Secondly, some older squad members will still make it to Brazil and, although for those who won’t the replacements already exist. Klose won’t be spear-heading the attack in four years time but Mario Gomez has rediscovered his Stuttgart form and looks very able to take on the role. Only 25 this season he will most likely be the forward pivot of the German side in 2014. Mertesacker and Schweinsteiger both shone in South Africa and will be only just turning 30. Having two stand out goalkeepers is already more than most countries can dream of and the Germans already have Neuer and Adler. Only Spain will have selection problems as they struggle to narrow it down to three out of Casillas, Valdes, Reina and De Gea.

Finally, there is Mario Gotze. A child even in the incredibly young German squad, aged 18 Gotze has been the revelation of the season at Dortmund. Honigstein remarked that he was the only player ever to be substituted for being too good. Although the hype might be too much given that Gotze has only made 12 league starts in his entire career, it’s hard not to be excited about such a talent. Very excited.
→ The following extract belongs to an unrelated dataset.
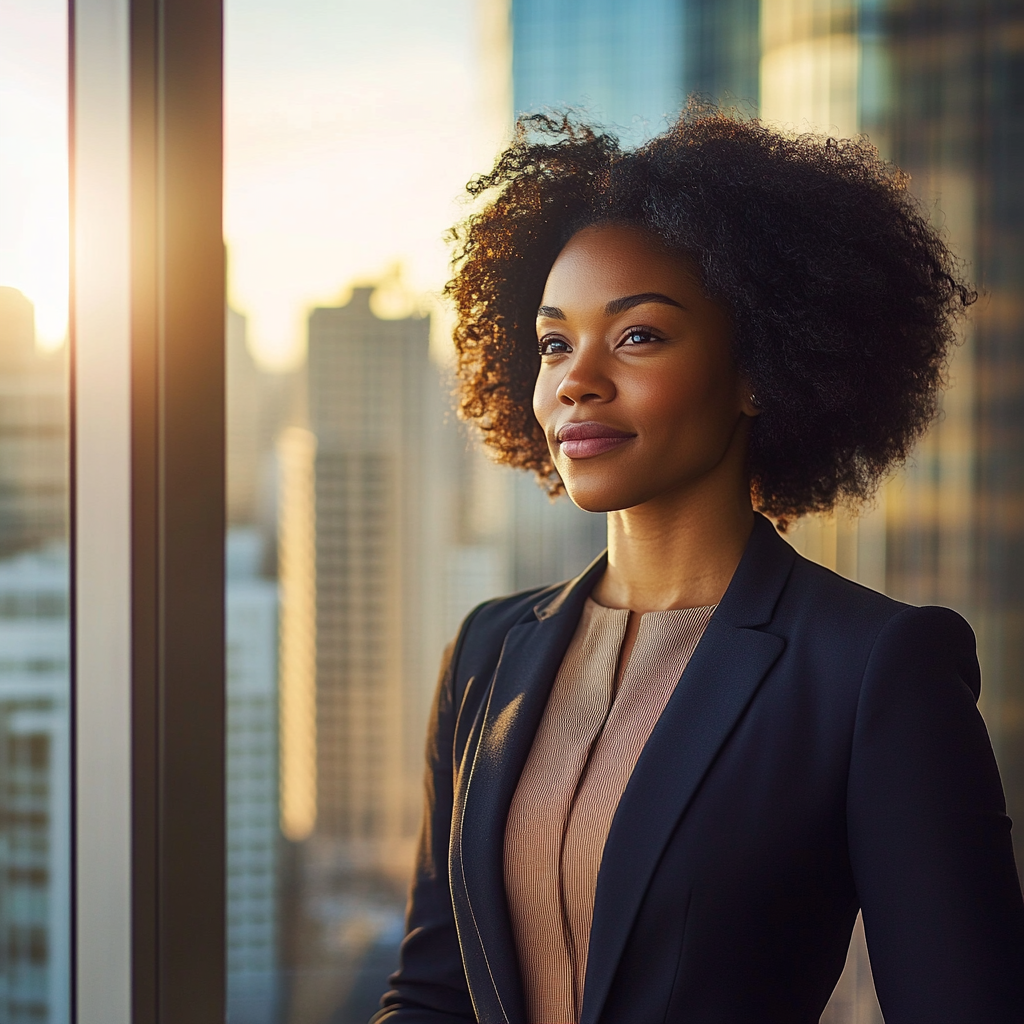 The Confident Black Woman Executive by Window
The last German side was quick, technically gifted and enjoyable to watch. With four years to mature, the side that kicks off in Brazil should surpass even that. Of course four years is a long way off and Lowe might be sacked or find employment elsewhere. Key players could get injured just before the tournament. But then Ballack was sidelined just before South Africa and nobody gave the Germans a real shout before the start. As a nation the Germans have a knack for tournament football matched only by the Brazilians and possibly the Italians. It is never smart to write them off and in several years they might be the very best Europe can offer against the South Americans.